Des Weiteren wirft die Anklage Hans Ziegler vor, dass er als Verwaltungsrat von vier börsenkotierten Unternehmen sowie als Senior Advisor von zwei Beratungsgesellschaften mehrfach Insiderinformationen für Handelsgeschäfte mit Effekten von insgesamt elf Gesellschaften ausnützte. Damit realisierte er für sich und zwei ihm zuzurechnende juristische Personen einen Gewinn von knapp CHF 2 Mio.
Gegen den zweiten Beschuldigten erhebt die BA Anklage, weil dieser im Zeitraum zwischen Ende 2013 und November 2016 die von Hans Ziegler verratenen Geschäftsgeheimnisse mehrfach für seine Tätigkeit selber ausnützte. Der Vorwurf des wirtschaftlichen Nachrichtendienstes ist darin begründet, dass er Geheimnisse von zwei Gesellschaften nach seinem Ermessen mehrfach Dritten im Ausland zur weiteren Verwendung zustellte. Der Anklagevorwurf der Bestechung ergibt sich aus dem Umstand, dass er Hans Ziegler für erhaltene Geschäftsgeheimnisse die oben genannten CHF 150'000 versprach und deren Auszahlung veranlasste.
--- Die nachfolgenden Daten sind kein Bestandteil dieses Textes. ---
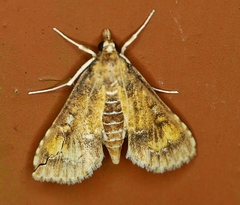 Niphograpta albiguttalis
Hinweise im Zusammenhang mit der Anklageerhebung
Die BA wird ihre Anträge anlässlich der Hauptverhandlung vor dem Bundesstrafgericht (BStGer) stellen. Für die Beschuldigten gilt die Unschuldsvermutung bis zu einem rechtskräftigen Urteil. Mit Einreichung der Anklage ist das BStGer für weitere Informationen zuständig.
* Hinweise zu den Rechtsgrundlagen:
Verletzung des Fabrikations- oder Geschäftsgeheimnisses: Die Verfolgung des Verrats und des Ausnützens von Geschäftsgeheimnissen nach Art. 162 StGB und Art. 4a Abs. 1 Bst. b i.V.m. Art. 23 UWG erfolgt nur auf Strafantrag eines Geschädigten.
Wirtschaftlicher Nachrichtendienst: Die Strafverfolgung wegen Zugänglichmachens eines Fabrikations- oder Geschäftsgeheimnisses einer fremden amtlichen Stelle oder einer ausländischen Organisation oder privaten Unternehmung oder ihren Agenten nach Art. 273 StGB erfolgt von Amtes wegen und erfordert die Ermächtigung des Bundesrates nach Art. 66 Abs. 1 des Bundesgesetztes über die Organisation der Strafbehörden des Bundes StBOG.
Bestechung Privater: Die Bestechung Privater wird nach Art. 4a Abs. 1 UWG in Verbindung mit Art. 23 UWG auf Antrag verfolgt, wenn die Tathandlung vor dem 1. Juli 2016 begangen wurde. Handlungen ab dem 1. Juli 2016 werden nach Art. 322octies und 322novies StGB von Amtes wegen verfolgt.
Ausnützen von Insiderinformationen: Für Tathandlungen, welche zwischen dem 1. Mai 2013 und Ende 2015 erfolgten, ist der frühere Art. 40 des Börsengesetzes BEHG, für Tathandlungen ab dem 1. Januar 2016 ist Art. 154 des Finanzmarktinfrastrukturgesetzes FinmaG massgebende Rechtsgrundlage.